Ziba, the last one, obviously the youngest and somehow the favorite, is tall, athletic with a sparkle of youth carried by her dark eyes (it wouldn't last), she's at first the obligatory target of the others, as the one who broke the harmony that prevailedby derailing Heda's attention toward her. In a way, she's a scapegoat like the first but for reverse reasons. It's interesting that Heda gets aways with it in a sort of "boys will be boys" resigned acceptance but the sentiment (thankfully) doesn't last.

Heda is probably aware of the discord he caused and lets it go. Dividing to better rule. To his regard, he treats each one fairly, keeps them in a house and 'honors' them (except for the first wife) Sex is hardly a detail, it's probably the most bearing factor. Why would a man consent to divide his profits and have four times the inconveniences of marital life if it wasn't for sex and power? As Heda's own mother states it in bawdy humor that would contradict all the clichés about Middle-East: all his son is interested on is sex. Faces blush, laughs are contained but the wise old woman said it all.

Perrson's straightforward narrative makes women's position oscillate between passive observers to anything but victims. They retort to Heda, sometimes insult and threaten him and in a scene Ziba asks Heda to prepare tea while she's having a water pipe. Heda himself starts as a cocky power-hungry macho but is seen caring for toddlers, taking the family to the beach or a picnic. All isn't so dark and bleak and we would almost feel sorry for Heda in the scene when they share the meat during the Aid and there's not enough good parts for every woman (and her children). It's a very subtle scene, for all they know, they can share the man but meat is precious.

Indeed, besides polygamy, the film is a vivid immersion in the impoverished and remote villages of Iran, far from the clichés of black-clad woman, it's religious but there's a certain freedom that makes the film quite bold and thought-provoking in the treatment of its subject. Now that extreme victimization has become the norm of every documentary or film denouncing systemic misogyny, here's one showing the real deal. Women can talk and express their thoughts, but they have no alternative and nowhere to go even after a divorce. The whole tragic irony is that many of them chose to marry Heda against their family's wishes.

Attentive viewers might notice a chance of tone after the first intermission (two years after), Heda grows more nerves and doesn't hesitate to resort to physical abuse, or emotional against Ziba who can't have children, and like a narcissistic pervert he threatens with humor to have a younger wife, a virgin who'd give him children (as if he cared, we see him treating children like collateral damages of his lust).

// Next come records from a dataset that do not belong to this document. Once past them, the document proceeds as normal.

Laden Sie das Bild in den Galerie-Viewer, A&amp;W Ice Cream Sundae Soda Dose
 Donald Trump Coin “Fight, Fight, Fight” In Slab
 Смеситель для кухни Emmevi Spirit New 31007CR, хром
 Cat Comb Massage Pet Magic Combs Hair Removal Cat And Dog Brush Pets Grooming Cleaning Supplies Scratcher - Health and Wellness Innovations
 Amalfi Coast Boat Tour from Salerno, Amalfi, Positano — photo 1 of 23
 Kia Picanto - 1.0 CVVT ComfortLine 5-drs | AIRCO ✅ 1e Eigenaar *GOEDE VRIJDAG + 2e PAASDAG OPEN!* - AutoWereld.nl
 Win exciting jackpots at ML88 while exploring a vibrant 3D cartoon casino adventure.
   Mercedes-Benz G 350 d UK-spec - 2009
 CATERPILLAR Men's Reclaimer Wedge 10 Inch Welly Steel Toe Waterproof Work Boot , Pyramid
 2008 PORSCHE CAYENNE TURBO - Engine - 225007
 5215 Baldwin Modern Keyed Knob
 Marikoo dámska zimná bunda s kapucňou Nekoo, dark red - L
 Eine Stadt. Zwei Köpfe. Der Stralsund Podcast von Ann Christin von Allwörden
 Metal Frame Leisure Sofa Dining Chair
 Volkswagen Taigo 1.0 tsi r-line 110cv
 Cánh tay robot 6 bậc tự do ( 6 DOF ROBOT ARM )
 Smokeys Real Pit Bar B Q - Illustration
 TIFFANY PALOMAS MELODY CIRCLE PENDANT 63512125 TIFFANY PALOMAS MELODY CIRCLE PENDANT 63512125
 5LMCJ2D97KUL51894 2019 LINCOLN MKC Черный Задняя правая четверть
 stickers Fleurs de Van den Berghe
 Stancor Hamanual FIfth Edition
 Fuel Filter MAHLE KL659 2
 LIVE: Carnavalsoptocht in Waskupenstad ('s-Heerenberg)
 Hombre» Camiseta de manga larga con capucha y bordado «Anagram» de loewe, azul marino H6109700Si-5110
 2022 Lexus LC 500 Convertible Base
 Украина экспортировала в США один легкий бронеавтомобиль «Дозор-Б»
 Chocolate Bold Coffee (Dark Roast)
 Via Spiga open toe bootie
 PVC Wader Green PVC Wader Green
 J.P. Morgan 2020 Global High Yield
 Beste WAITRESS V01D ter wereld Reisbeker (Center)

I read that the director was banned from Iran and her daughter resumed filming. And so the film gets off its immersive nature and events seem to flow in a disorderly manner without much explanation: can Heda marry a fifth wife if it's forbidden? How about the other children? The villagers? Many questions are left rather unanswered. Still, the material is rich enough to give a bold anthropological view of polygynous societies, far from the usual domination/submission clichés but one wished a little more rigor in the narrative... that's not a criticism, just a reflection on how much we care for the women and even that man who can't just get enough eggs to satisfy his gargantuan appetite.